What the exercise asks ▸
What is needed is an exact copy of all the records.

Task material ▸
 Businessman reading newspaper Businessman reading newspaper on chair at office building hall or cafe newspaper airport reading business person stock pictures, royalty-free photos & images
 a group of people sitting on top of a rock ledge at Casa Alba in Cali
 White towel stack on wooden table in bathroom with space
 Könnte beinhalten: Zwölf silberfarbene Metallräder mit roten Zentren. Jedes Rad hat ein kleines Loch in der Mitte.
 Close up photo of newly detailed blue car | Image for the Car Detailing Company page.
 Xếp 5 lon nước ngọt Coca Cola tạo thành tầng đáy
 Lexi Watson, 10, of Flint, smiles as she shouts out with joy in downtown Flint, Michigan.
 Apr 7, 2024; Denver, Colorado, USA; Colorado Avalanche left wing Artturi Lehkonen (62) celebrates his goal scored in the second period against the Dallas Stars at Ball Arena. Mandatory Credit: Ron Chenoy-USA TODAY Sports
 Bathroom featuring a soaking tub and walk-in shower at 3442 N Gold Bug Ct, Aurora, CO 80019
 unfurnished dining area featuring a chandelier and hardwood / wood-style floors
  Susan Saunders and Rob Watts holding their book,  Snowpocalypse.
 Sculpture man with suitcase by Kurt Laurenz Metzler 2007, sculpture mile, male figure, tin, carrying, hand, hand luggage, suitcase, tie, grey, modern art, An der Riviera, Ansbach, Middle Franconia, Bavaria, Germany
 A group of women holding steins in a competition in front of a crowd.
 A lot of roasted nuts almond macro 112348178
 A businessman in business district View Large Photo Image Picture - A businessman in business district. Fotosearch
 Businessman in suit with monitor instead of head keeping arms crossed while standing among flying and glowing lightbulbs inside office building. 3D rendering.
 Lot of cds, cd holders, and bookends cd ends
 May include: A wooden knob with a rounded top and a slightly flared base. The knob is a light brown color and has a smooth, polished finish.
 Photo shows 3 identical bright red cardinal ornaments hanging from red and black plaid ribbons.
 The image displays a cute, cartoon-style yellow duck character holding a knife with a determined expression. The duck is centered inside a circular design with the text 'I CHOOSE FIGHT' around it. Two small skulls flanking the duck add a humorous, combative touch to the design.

Response for this exercise ▸
 Businessman reading newspaper Businessman reading newspaper on chair at office building hall or cafe newspaper airport reading business person stock pictures, royalty-free photos & images
 a group of people sitting on top of a rock ledge at Casa Alba in Cali
 White towel stack on wooden table in bathroom with space
 Könnte beinhalten: Zwölf silberfarbene Metallräder mit roten Zentren. Jedes Rad hat ein kleines Loch in der Mitte.
 Close up photo of newly detailed blue car | Image for the Car Detailing Company page.
 Xếp 5 lon nước ngọt Coca Cola tạo thành tầng đáy
 Lexi Watson, 10, of Flint, smiles as she shouts out with joy in downtown Flint, Michigan.
 Apr 7, 2024; Denver, Colorado, USA; Colorado Avalanche left wing Artturi Lehkonen (62) celebrates his goal scored in the second period against the Dallas Stars at Ball Arena. Mandatory Credit: Ron Chenoy-USA TODAY Sports
 Bathroom featuring a soaking tub and walk-in shower at 3442 N Gold Bug Ct, Aurora, CO 80019
 unfurnished dining area featuring a chandelier and hardwood / wood-style floors
  Susan Saunders and Rob Watts holding their book,  Snowpocalypse.
 Sculpture man with suitcase by Kurt Laurenz Metzler 2007, sculpture mile, male figure, tin, carrying, hand, hand luggage, suitcase, tie, grey, modern art, An der Riviera, Ansbach, Middle Franconia, Bavaria, Germany
 A group of women holding steins in a competition in front of a crowd.
 A lot of roasted nuts almond macro 112348178
 A businessman in business district View Large Photo Image Picture - A businessman in business district. Fotosearch
 Businessman in suit with monitor instead of head keeping arms crossed while standing among flying and glowing lightbulbs inside office building. 3D rendering.
 Lot of cds, cd holders, and bookends cd ends
 May include: A wooden knob with a rounded top and a slightly flared base. The knob is a light brown color and has a smooth, polished finish.
 Photo shows 3 identical bright red cardinal ornaments hanging from red and black plaid ribbons.
 The image displays a cute, cartoon-style yellow duck character holding a knife with a determined expression. The duck is centered inside a circular design with the text 'I CHOOSE FIGHT' around it. Two small skulls flanking the duck add a humorous, combative touch to the design.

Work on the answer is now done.